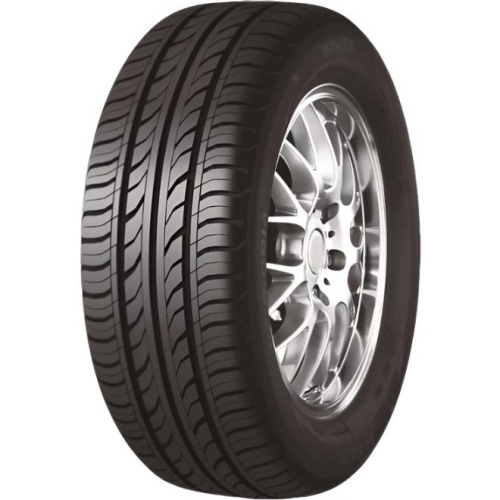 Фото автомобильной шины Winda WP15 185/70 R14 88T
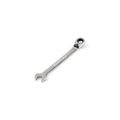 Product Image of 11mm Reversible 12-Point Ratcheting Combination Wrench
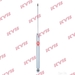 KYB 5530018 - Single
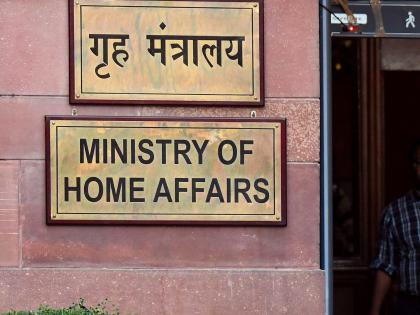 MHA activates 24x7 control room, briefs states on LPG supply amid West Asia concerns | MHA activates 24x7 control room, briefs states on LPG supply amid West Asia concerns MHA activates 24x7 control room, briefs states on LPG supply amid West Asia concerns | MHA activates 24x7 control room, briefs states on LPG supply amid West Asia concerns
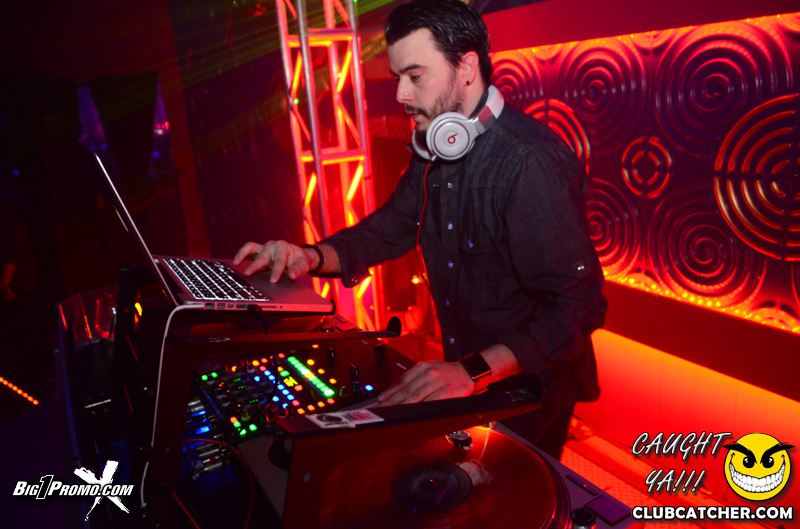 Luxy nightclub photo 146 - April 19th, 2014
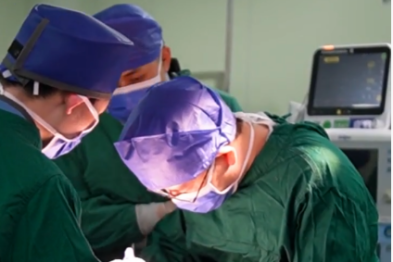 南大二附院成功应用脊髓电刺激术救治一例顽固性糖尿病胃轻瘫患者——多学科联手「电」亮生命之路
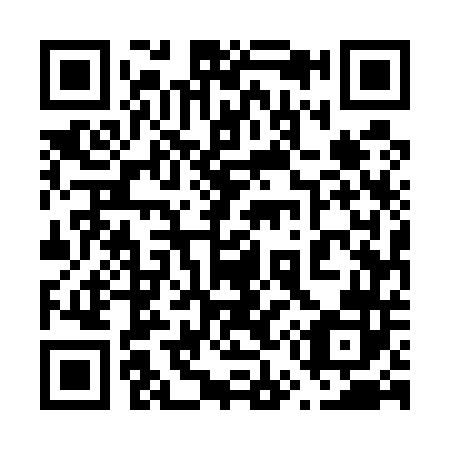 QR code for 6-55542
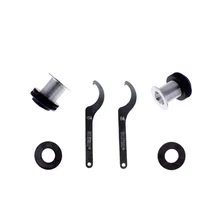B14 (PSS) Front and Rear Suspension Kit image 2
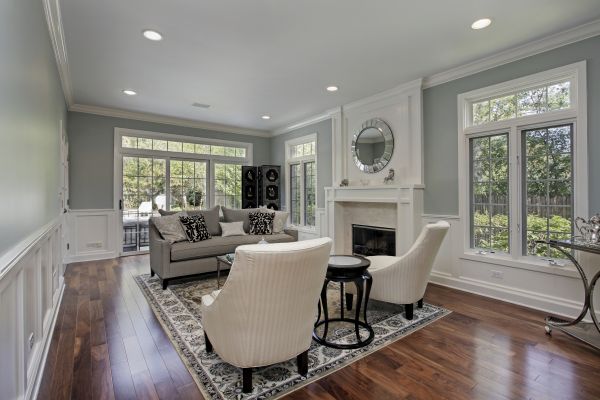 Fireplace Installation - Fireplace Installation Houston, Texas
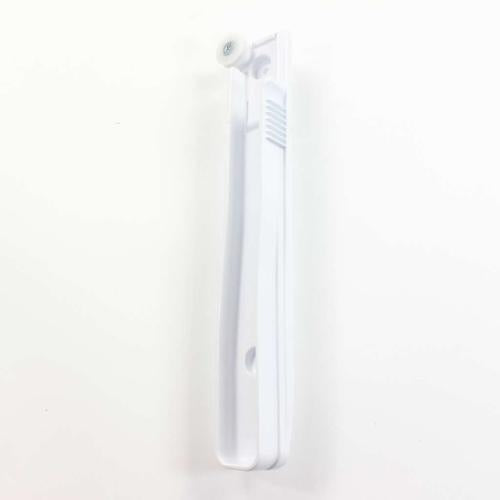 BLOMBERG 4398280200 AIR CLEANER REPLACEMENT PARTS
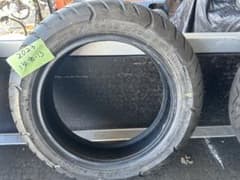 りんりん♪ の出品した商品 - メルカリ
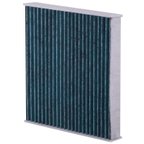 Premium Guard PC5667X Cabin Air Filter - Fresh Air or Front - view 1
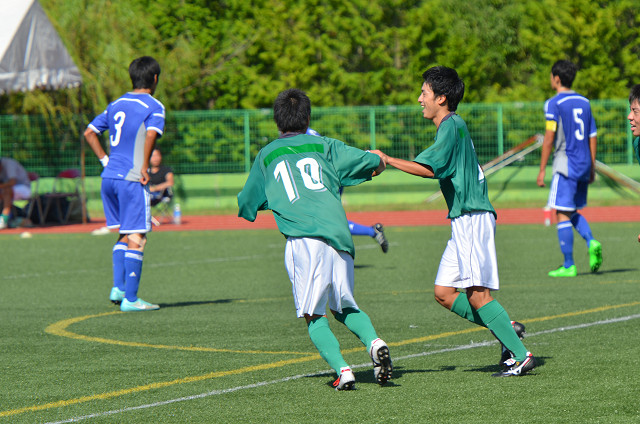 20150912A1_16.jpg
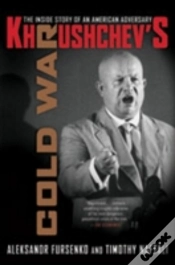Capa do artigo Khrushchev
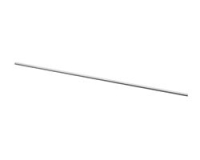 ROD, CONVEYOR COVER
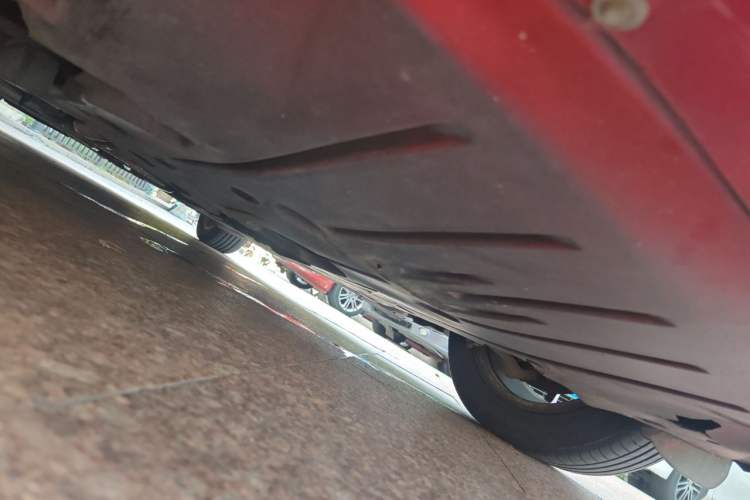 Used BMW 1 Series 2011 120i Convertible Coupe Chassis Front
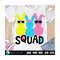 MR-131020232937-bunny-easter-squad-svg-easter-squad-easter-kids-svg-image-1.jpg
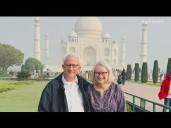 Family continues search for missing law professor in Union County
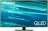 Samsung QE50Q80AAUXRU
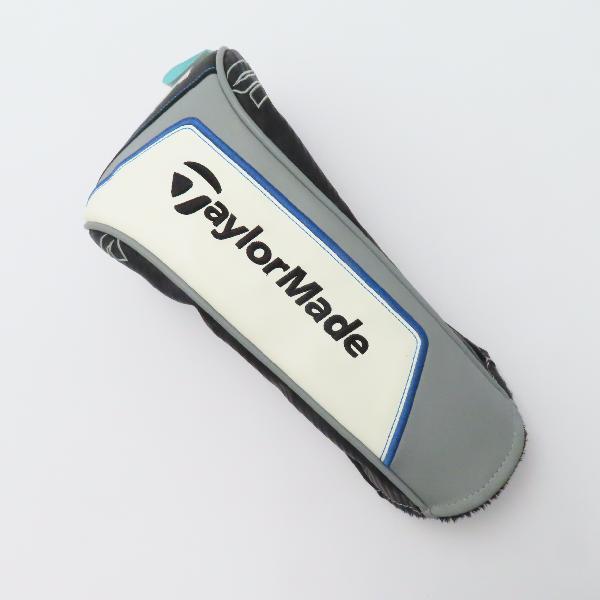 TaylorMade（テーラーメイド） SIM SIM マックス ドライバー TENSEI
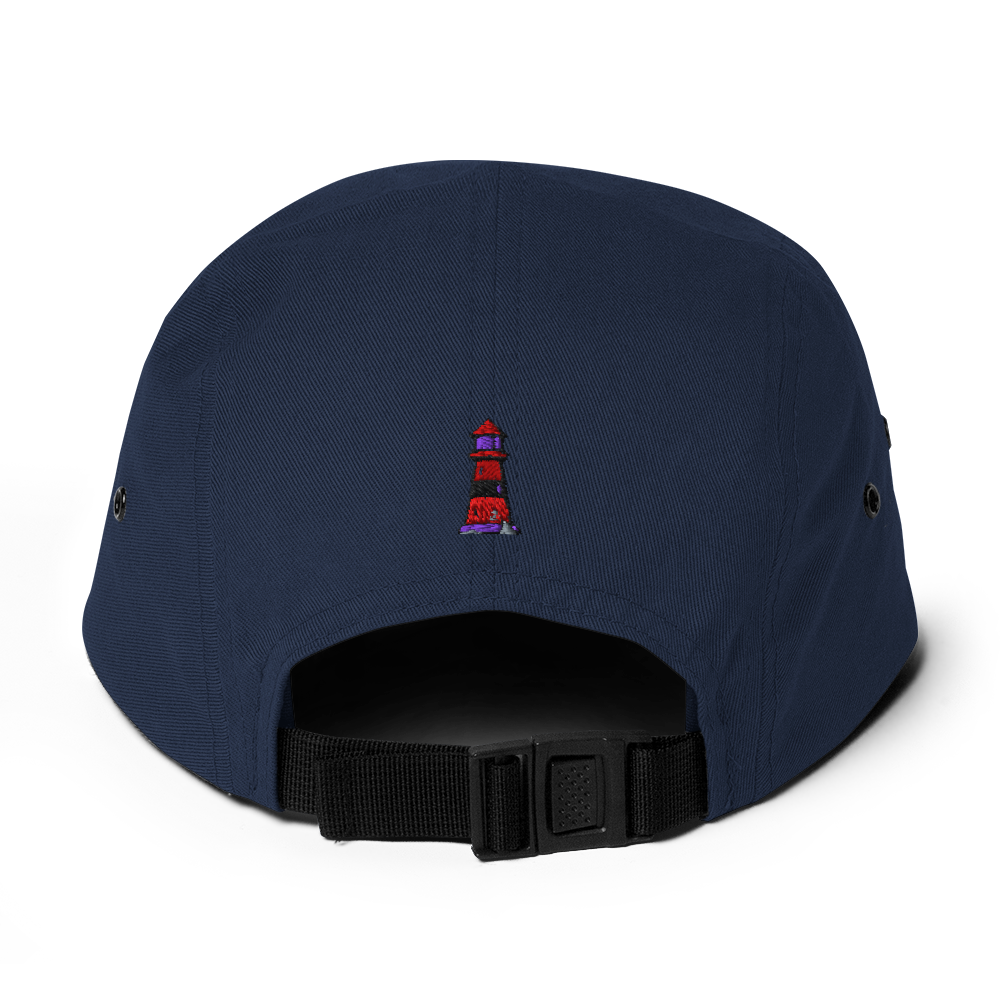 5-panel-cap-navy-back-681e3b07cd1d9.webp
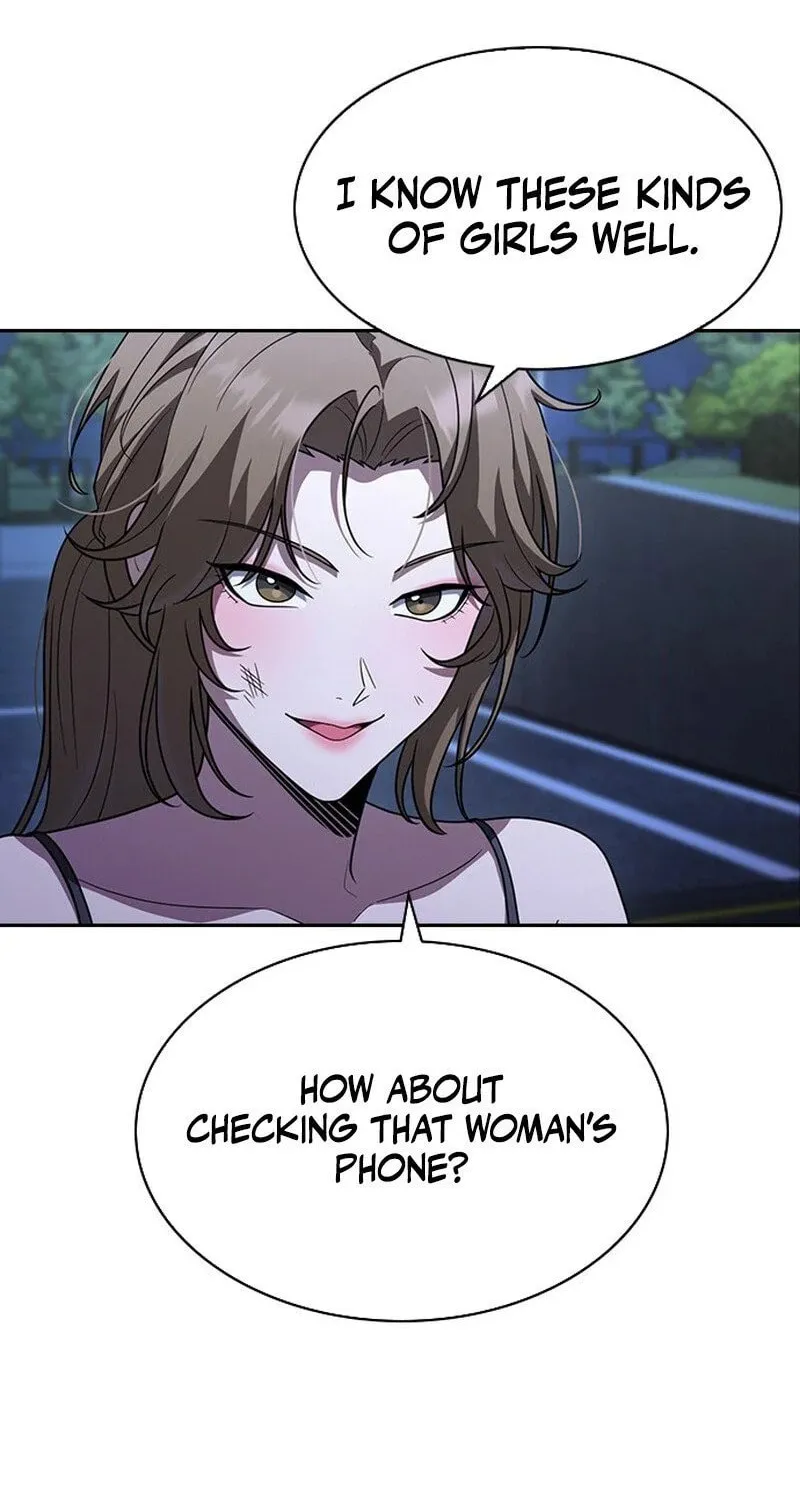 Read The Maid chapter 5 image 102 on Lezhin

···

■ What you should do
Pictures in the records above are not copied; print everything else exactly.

■ Final answer
 Фото автомобильной шины Winda WP15 185/70 R14 88T
 Product Image of 11mm Reversible 12-Point Ratcheting Combination Wrench
 KYB 5530018 - Single
 MHA activates 24x7 control room, briefs states on LPG supply amid West Asia concerns | MHA activates 24x7 control room, briefs states on LPG supply amid West Asia concerns MHA activates 24x7 control room, briefs states on LPG supply amid West Asia concerns | MHA activates 24x7 control room, briefs states on LPG supply amid West Asia concerns
 Luxy nightclub photo 146 - April 19th, 2014
 南大二附院成功应用脊髓电刺激术救治一例顽固性糖尿病胃轻瘫患者——多学科联手「电」亮生命之路
 QR code for 6-55542
B14 (PSS) Front and Rear Suspension Kit image 2
 Fireplace Installation - Fireplace Installation Houston, Texas
 BLOMBERG 4398280200 AIR CLEANER REPLACEMENT PARTS
 りんりん♪ の出品した商品 - メルカリ
 Premium Guard PC5667X Cabin Air Filter - Fresh Air or Front - view 1
 20150912A1_16.jpg
Capa do artigo Khrushchev
 ROD, CONVEYOR COVER
 Used BMW 1 Series 2011 120i Convertible Coupe Chassis Front
 MR-131020232937-bunny-easter-squad-svg-easter-squad-easter-kids-svg-image-1.jpg
 Family continues search for missing law professor in Union County
 Samsung QE50Q80AAUXRU
 TaylorMade（テーラーメイド） SIM SIM マックス ドライバー TENSEI
 5-panel-cap-navy-back-681e3b07cd1d9.webp
 Read The Maid chapter 5 image 102 on Lezhin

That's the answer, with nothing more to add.